U.S. consumers faced higher prices for food in July, undermining Biden White House claims that inflation ran at zero in the month.
The Bureau of Labor Statistics Producer Price Index showed on Thursday that consumer food prices charged by U.S. producers rose two percent in July compared with the previous month. Compared with a year ago, consumer food prices are up 15.8 percent, the highest year-to-year rate of inflation since 1974.
That’s an even higher level of food inflation than was reported in the Consumer Price Index released on Wednesday. It showed prices for groceries rising 1.3 percent compared with the prior month and up 13.1 percent compared with a year ago, the most since 1979.
The Producer Price Index measures prices received by U.S. businesses, so it excludes imported goods and does not include sales taxes, both of which are included in the Consumer Price Index. The producer price barometer also includes export prices, which are excluded from the consumer price gauge.
This month the price index for exported food declined 3.6 percent and is up 12.3 percent, indicating the gains in the consumer foods index represented U.S. consumers paying more for foods they purchase.
Some of the biggest price moves.
- Fresh fruits and melons: up two percent from a month earlier and 21.2 percent from a year ago.
- Fresh and dry vegetables: up 12.7 percent from a month earlier and 65.5 percent from a year ago.
- Fresh eggs: up 44.2 percent in July and 171.5 percent from a year ago.
- Bakery products: up 1.7 percent in July and 12.7 percent from a year ago.
- Pasta products: up 5.9 percent in July and 32.6 percent from a year ago.
Not all food prices were up as measured by the PPI. The prices of most meats—including chicken, pork, and beef—fell in the month. The overall index for meat is down 2.3 percent on a decline of pork and beef prices. This reflects the huge increase seen in meat prices early in this inflation cycle. Last July, for example, the index for meat was up 33 percent year over year.

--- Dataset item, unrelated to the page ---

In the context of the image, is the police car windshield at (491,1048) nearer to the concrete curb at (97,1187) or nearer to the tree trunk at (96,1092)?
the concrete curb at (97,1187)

The meat price index is up 23.1 percent since its summer 2019 levels, the last comparable month before the pandemic. That averages to around 7.7 percent annual inflation since then. Prior to the pandemic, the average annual gain in the producer price index for meat was just one percent.
Although chicken prices fell 2.2 percent in July, they are still up 18.3 percent from a year ago.
The broadest measure of prices in the Producer Price Index fell by half a percentage point in July thanks to declining gasoline prices. Compared with a year ago, however, prices are still up 9.8 percent.